Resultaten: De beste vrije worpschutters hadden meer controle over hun schietbewegingen, met name belangrijke variabelen zoals de lagere knietop, het zwaartepunt en de gemiddelde hoeksnelheid, vergeleken met minder ervaren schutters. De beste schutters bereikten ook een hogere loshoogte en hun torso leunde minder naar voren op het loslaatpunt. Ten slotte kan het teveel benadrukken van de releasehoogte vaak contraproductief zijn, waardoor zelfs de beste free shooters meer schoten missen.

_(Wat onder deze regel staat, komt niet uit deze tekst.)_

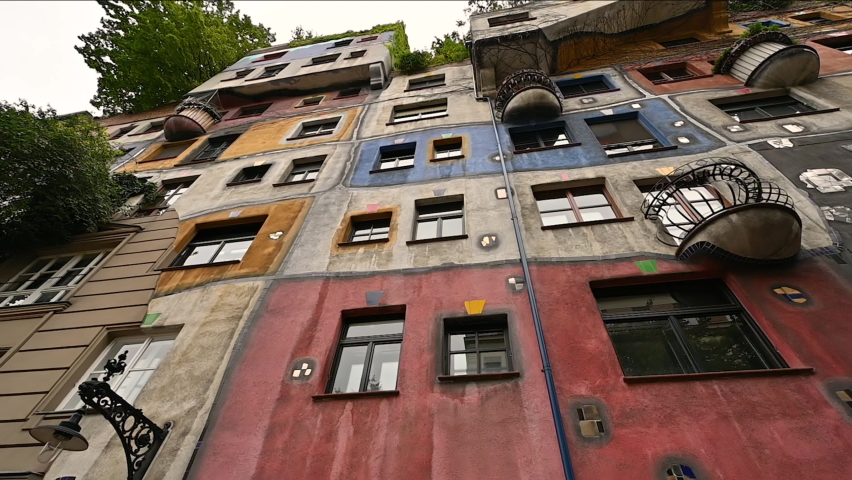 Vienna,Austria,August 2022. Beautiful panoramic footage of an iconic image with wide angle lens and low angle view of the colorful facade of the Hundertwasser house in Vienna. Residential condominium Royalty-Free Stock Footage #1096814911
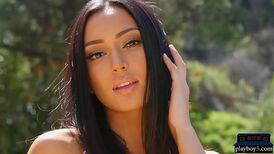 Beautiful exotic and slim Playboy model stripteasing outdoor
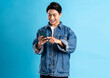 © STOCK88PHOTOGRAPHER - Young asian man using phone on a blue background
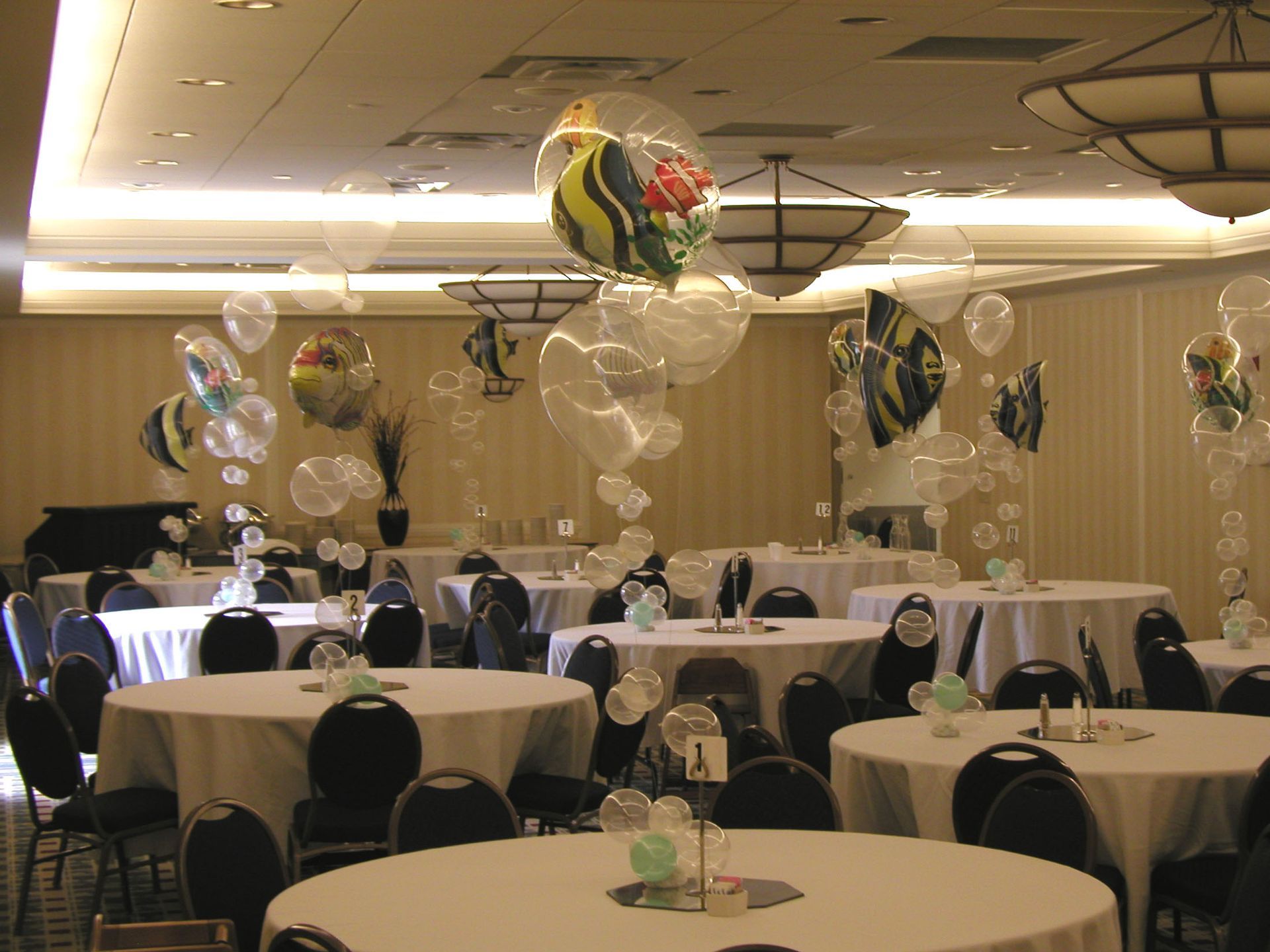 A ballroom decorated with fish-shaped balloons and clear bubbles; tables set with white tablecloths.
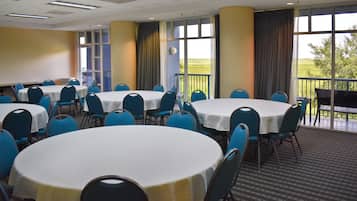 Un salón de conferencias con varias mesas redondas y sillas azules, ventanas amplias con cortinas y vistas al exterior.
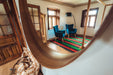 Antique handwoven felted rug from Bulgaria in a rustic room setting with blue chairs.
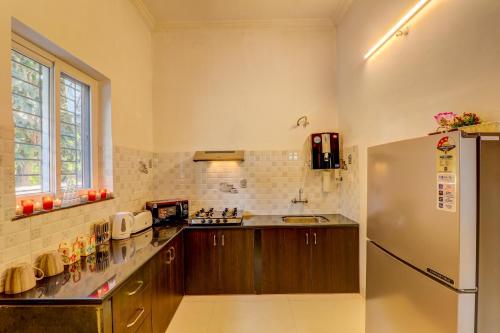 a kitchen with wooden cabinets and a refrigerator at Ludo Private Pool Villa, WiFi-Caretaker-Parking, North Goa in Baga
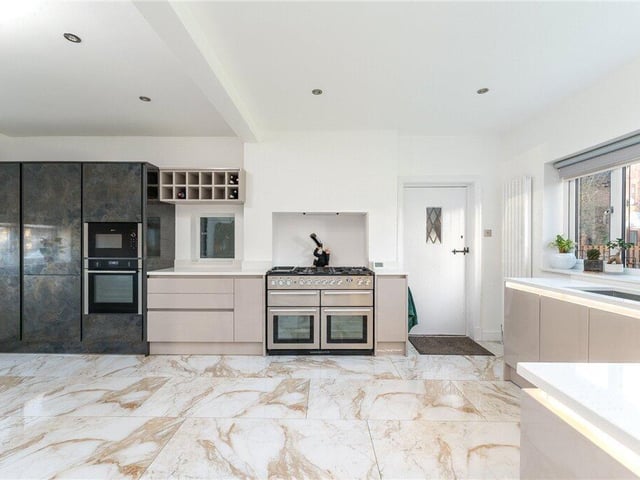 The well-appointed dining kitchen has fitted wall and base units, ample worktop space and a variety of integrated appliances.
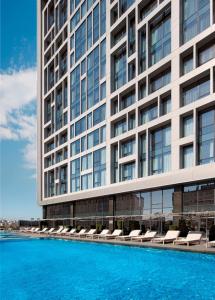 a building with a swimming pool in front of a building at Radisson Blu Hotel Istanbul Asia in Istanbul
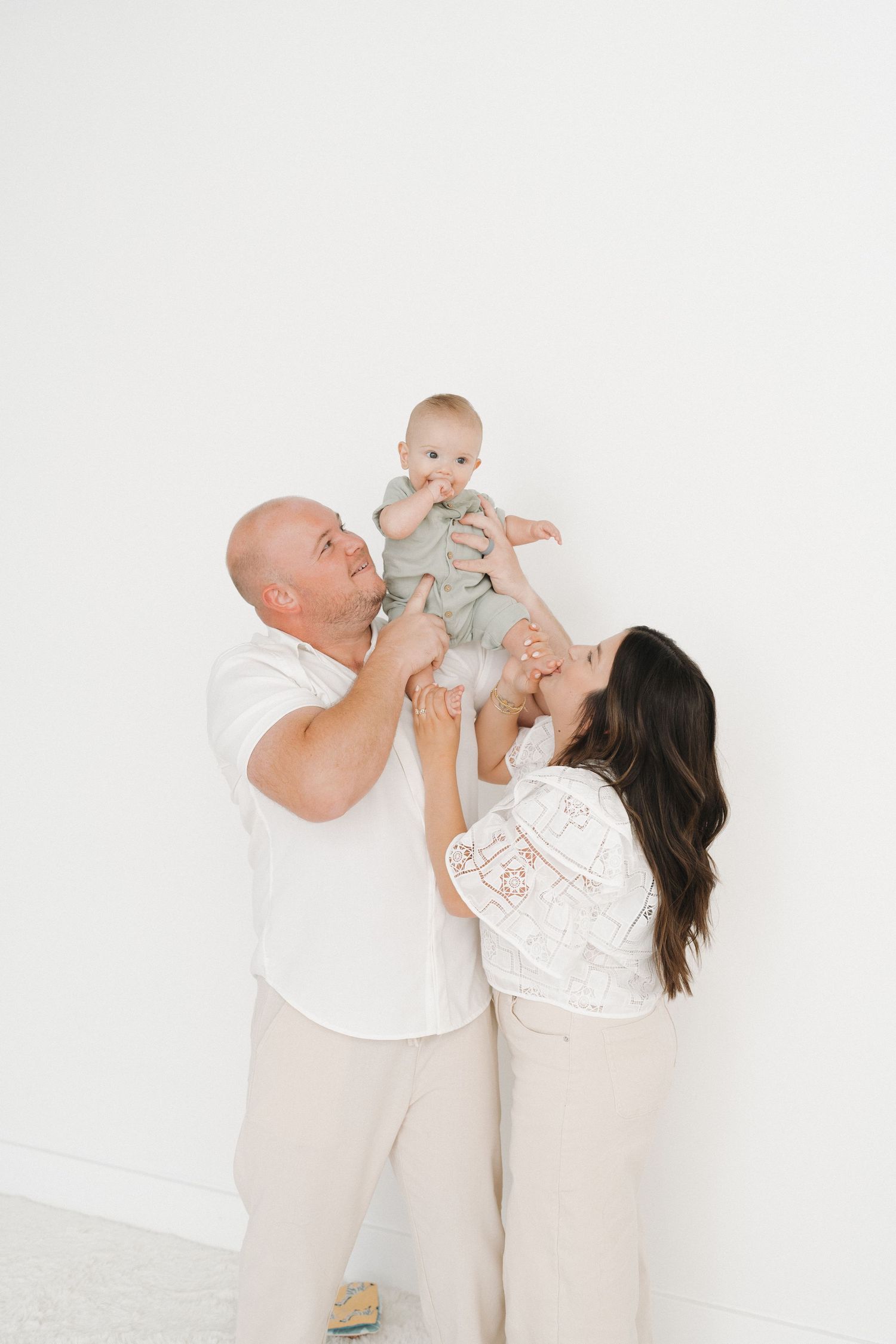 Family portrait with parents lifting baby in air against white wall.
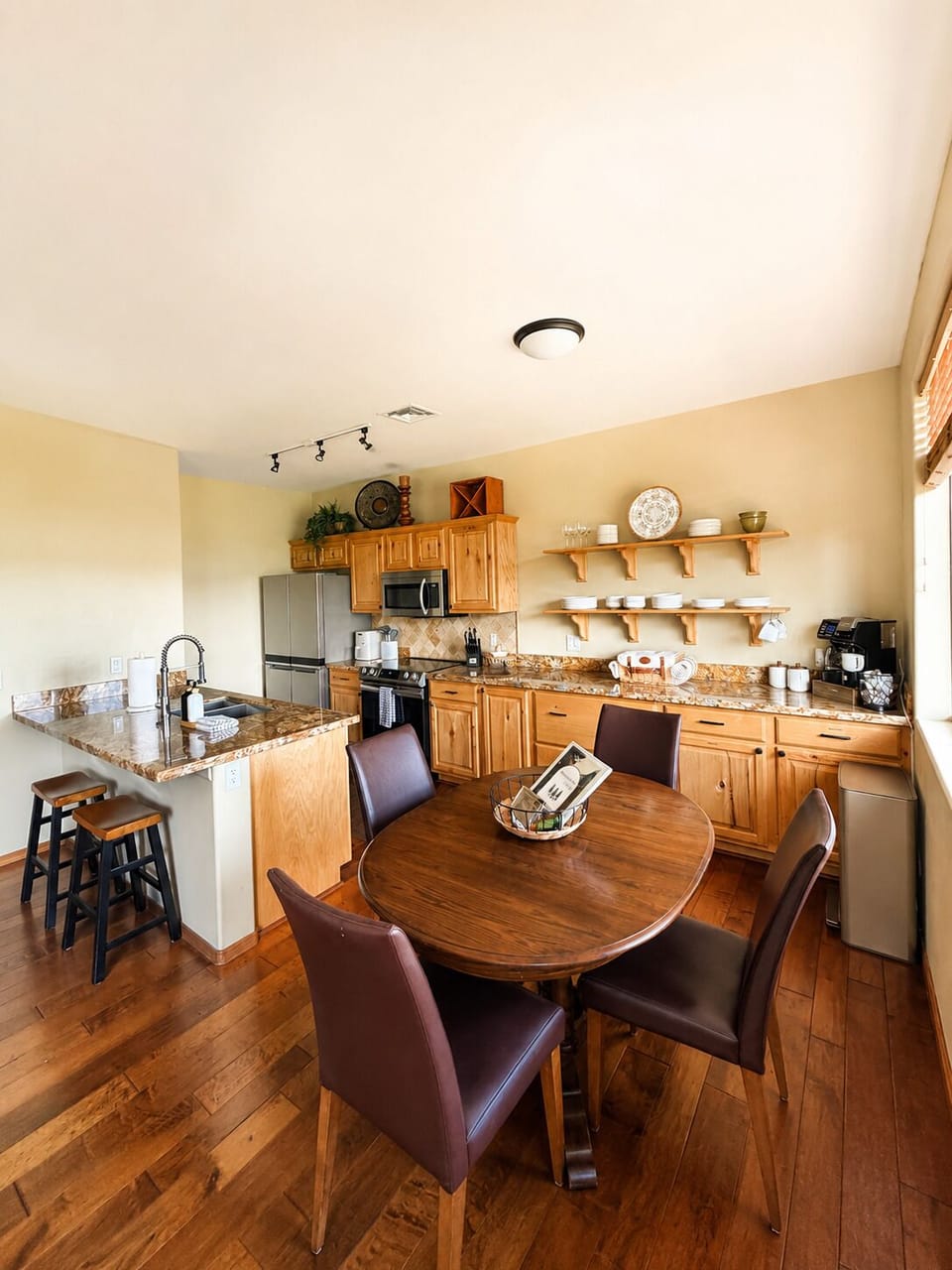 Full kitchen with dining for 4, breakfast bar, and granite counters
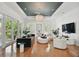 Bright and airy living room with hardwood floors, modern decor, and ample seating at 1940 Floresta View Dr, Tampa, FL 33618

“Deze bevindingen impliceren dat de beweging van een basketbalschot niet zo eenvoudig is als sommigen denken. De schietefficiëntie kan niet simpelweg worden toegeschreven aan een enkele biomechanische variabele,” zei Cabarkapa. “Het is gebaseerd op een mix van multi-segmentale lichaamsbewegingen die op een gecontroleerde manier worden uitgevoerd.”

DOI: Grenzen in sport en actief leven, 2023. 10.3389/fspor.2023.1208915 (Over DOI).

Jayhawk Athletic Performance Laboratory lijstafbeelding.